シン・レッド・ラインのMaoryu002のレビュー・感想・評価

シン・レッド・ライン(1998年製作の映画)
3.5
第二次世界大戦中、ガダルカナル島での激戦を描いたテレンス・マリック監督による大作。

その映像はあまりに残酷で救いがなく、ドラマのない戦闘シーンは実際に戦った人間じゃないと描けないように思えた。
丘の上の日本軍のトーチカを攻略する映像なんかは見事なんだけど、結局は“戦争は醜く残酷で、兵士は感覚を麻痺させるしかない”っていうメッセージだけが残る。

だから一人に焦点を当てず、ヒーロー不在で淡々と戦い死んでいくだけだ。
部下を死なせることをためらい命令に反抗するスタロス大尉が登場するが、彼自身が言う通り「正しいのかどうかわからない」まま退場していく。
ちなみに演じたイライアス・コティーズはほぼ悪役ばかりだが、この映画では素晴らしく人間的な役柄を演じている。青春映画「恋しくて」のスキンヘッド小僧がいいオジサンになっていた。

そして、オープニングからエンディングまで、随所に戦場と大自然の動物たちの対比が映し出され、自然の中で戦争がいかに異質で相容れないものかを訴えかけているように見える。
大自然を背景にした、登場人物たちの心の声は詩を聴いているかのようだ。
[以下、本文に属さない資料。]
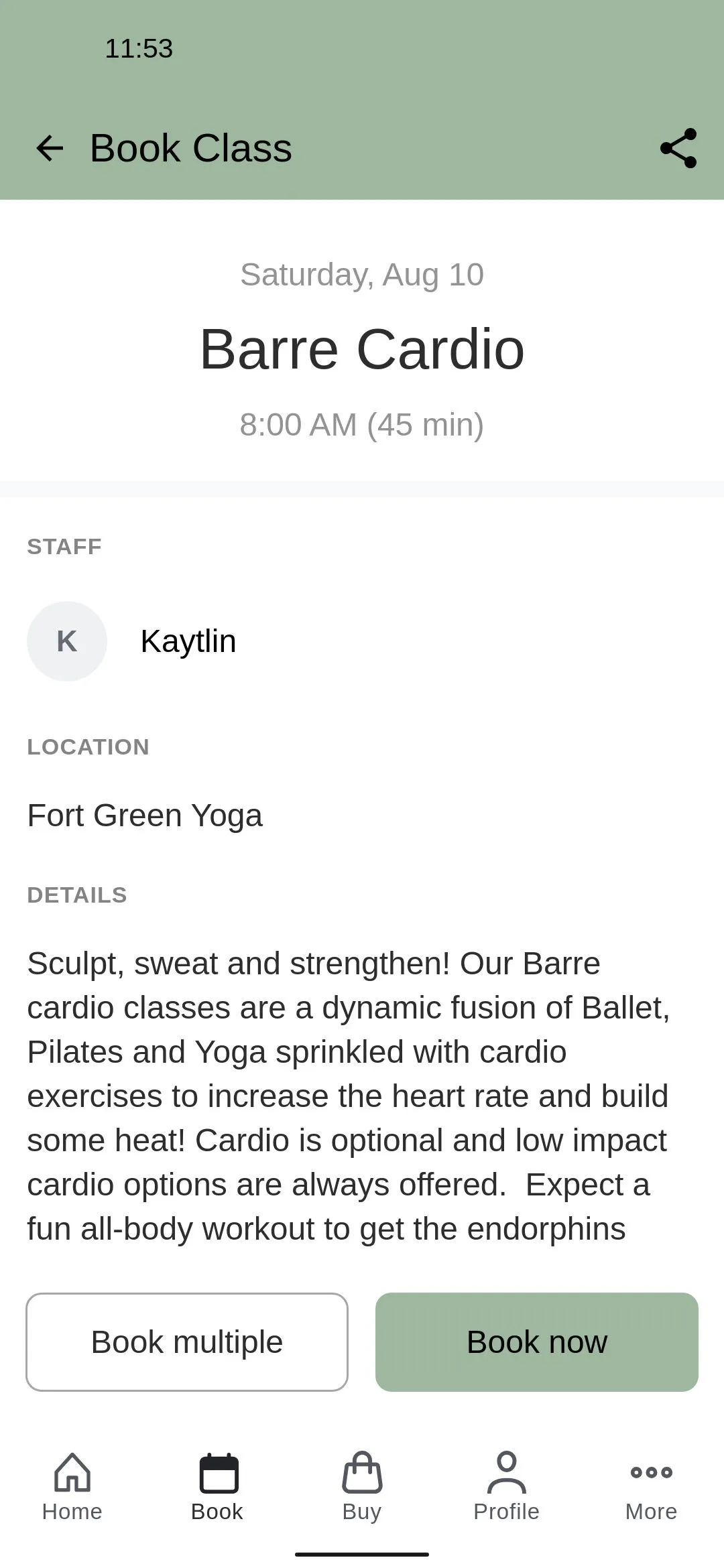 Fort Green Yoga | Indus Appstore | Screenshot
「死は、調和している海と陸による復讐なのか?」「このような悪はどこから来たのか?誰が幸せを奪い楽しんでいるのか?」「自分たちの死は地球の糧になるのか?」という救いを求めるようなつぶやきは、支離滅裂ではあるが戦場での生の声として説得力がある。

あわせて、ショーン・ペン、ジム・カヴィーゼル、エイドリアン・ブロディ、ジョン・キューザック、ウディ・ハレルソン、ニック・ノルティ、ジョン・トラボルタ、ジョージ・クルーニー、ジャレッド・レト、ジョン・C・ライリーという超豪華俳優陣の、誰一人突出しない演技がこの映画のメッセージを強くさせている。